| DATA PROVIDED |
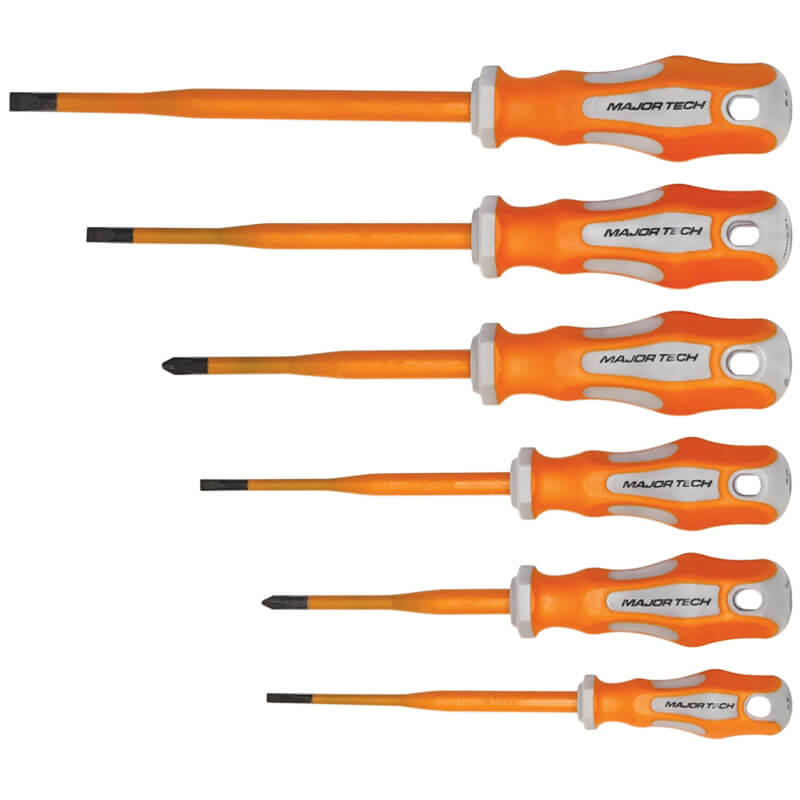 KTK0306 6 pce Screwdriver Set 1000V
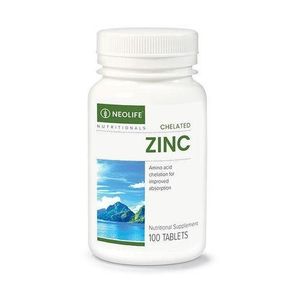 New Life Chelated Zinc Food Supplement 100 Tablets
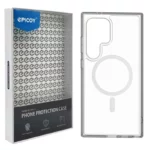 کاور گوشی سامسونگ Galaxy S25 Ultra اپیکوی مدل Transparent Magsafe 13 color image TLP 77322 1a1a1a 717e60d3 b5e2 4626 ab81 0ae7128c4c85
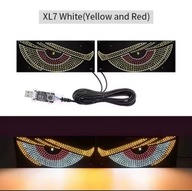 2x Ekran LED 12/30cm. Diabelskie Oczy. Devil's Eyes. Komplet.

| YOUR OBJECTIVE |
Give the data again word for word, without images.

| ANSWER FOR THIS EXERCISE |
 KTK0306 6 pce Screwdriver Set 1000V
 New Life Chelated Zinc Food Supplement 100 Tablets
 کاور گوشی سامسونگ Galaxy S25 Ultra اپیکوی مدل Transparent Magsafe 13 color image TLP 77322 1a1a1a 717e60d3 b5e2 4626 ab81 0ae7128c4c85
 2x Ekran LED 12/30cm. Diabelskie Oczy. Devil's Eyes. Komplet.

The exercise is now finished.